Поэтому «народная вера» становится источником познания старины, так как «мера просвещения, характер просвещения и источники его определяются мерою, характером и источником веры. В мифах ее живет предание о стародавних движениях племен, в легендах – самая картина их нравственного и общественного быта, в таинствах – полный мир их умственного развития. Вера первобытных народов определяла их историческую судьбу; история обратилась в религиозный миф и только в нем сохранилась для нас»[378]. Поэтому «вера и полнота жизни религиозной неразлучны с преданием, обнимающим в единстве своем мысль и быт, чувство и умозрение»[379]. Это возвращает нас к понятию соборности. В. И. Холодный справедливо указывает, что «соборность» представляет синтез всех аксиологических архетипов: совести, смысла жизни, запредельности, страдания и сострадания, вины и покаяния, духовного самоосуществления личности, нации, всего человечества.[380]
Хомяков уверен, что:
<…> человек не может создать предание, и реформа, даже исправляя прежнее учение, сужает круг деятельности духовной и разрушает целость и единство внутреннего и наружного быта. <…> Сознание человека одностороннее и мелко, но завет веков, проникнутый многостороннею жизнию племен или народов и запечатленный следами безыскусственного и постепенного развития, обнимает собою всю душу даже новообращенного последователя, дает ему бесконечное прошедшее и окружает его целым миром образов и символов религиозных, перешедших в полную и стройную систему быта. <…> Реформатор слаб внутренним раздором; проповедник древнего предания силен внутренней тишиною. Этот раздор или эта тишина передаются от наставников ученикам и не изглаживаются даже в течение веков. В оковах предания есть свобода, потому что внешняя жизнь уже готова для внутреннего духа, в свободе реформы есть робкий труд, потому что мысль должна себе создать внешние образы, заклейменные неизбежным произволом.[381]

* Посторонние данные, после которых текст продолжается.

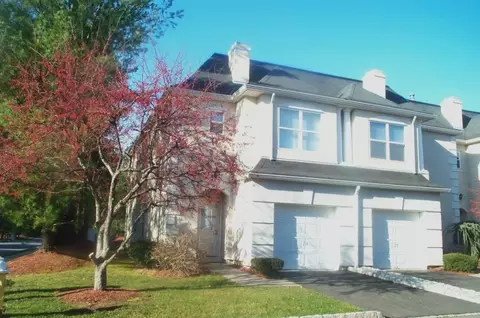 8601 Brittany Dr, Wayne, NJ 07470 photo 1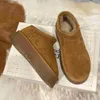 Stivali invernali da donna Brevi peluche caldi stivali da neve Scarpe casual 2023 Nuova pelle scamosciata Pelliccia Chelsea Stivaletti Appartamenti Piattaforma Scarpe da donna Botas T230824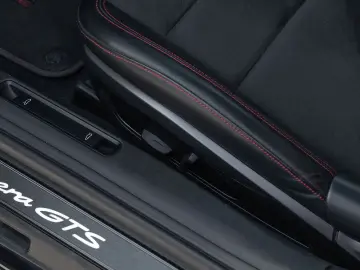 PORSCHE 911 992 Carrera GTS Matrix LED eSD BOSE 90l Tank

Поэтому религиозная духовность (например, икона, церковный напев и т. п.) стоят «неизмеримо выше», нежели любое светское «художество», так как воплощают духовное начало, коллективную память целого народа, а не отдельного лица. Как видим, для Хомякова весьма существенны антиномии истории и предания, закона и обряда, где предание и обряд соотнесены с органической стихией народной жизни и потому приоритетны.
Обряд становится для Хомякова способом внедрения сакрального элемента в обычную повседневную жизнь. Он называет его величайшим достижением России, «художественным символом внутреннего единства, у нас – единства народа» (I, 28), если при этом он не лишается внутреннего содержания. Хомяков сам замечает с горечью: «Земля Русская в большей части своего населения приняла более обряд церковный, чем духовную веру и разумное исповедание Церкви» (I, 231). В этом смысле более емким является обычай, которому в жизни России Хомяков придает особое значение. Например, в статье «О сельских условиях» он пишет:
Нет такой страны, в которой бы люди более или менее не управлялись обычаями; но едва ли есть какая-нибудь часть Европы, в которой обычай был бы так тесно связан со всею жизнью, как в России. <…> Должно признать многие достоинства в самом этом упорстве старины, не легко уступающей нововведениям. Оно служит ручательством в твердости и неизменности быта; а русский быт, органически возникший из местных потребностей и характера народного, заключает в себе тайну русского величия (III, 64).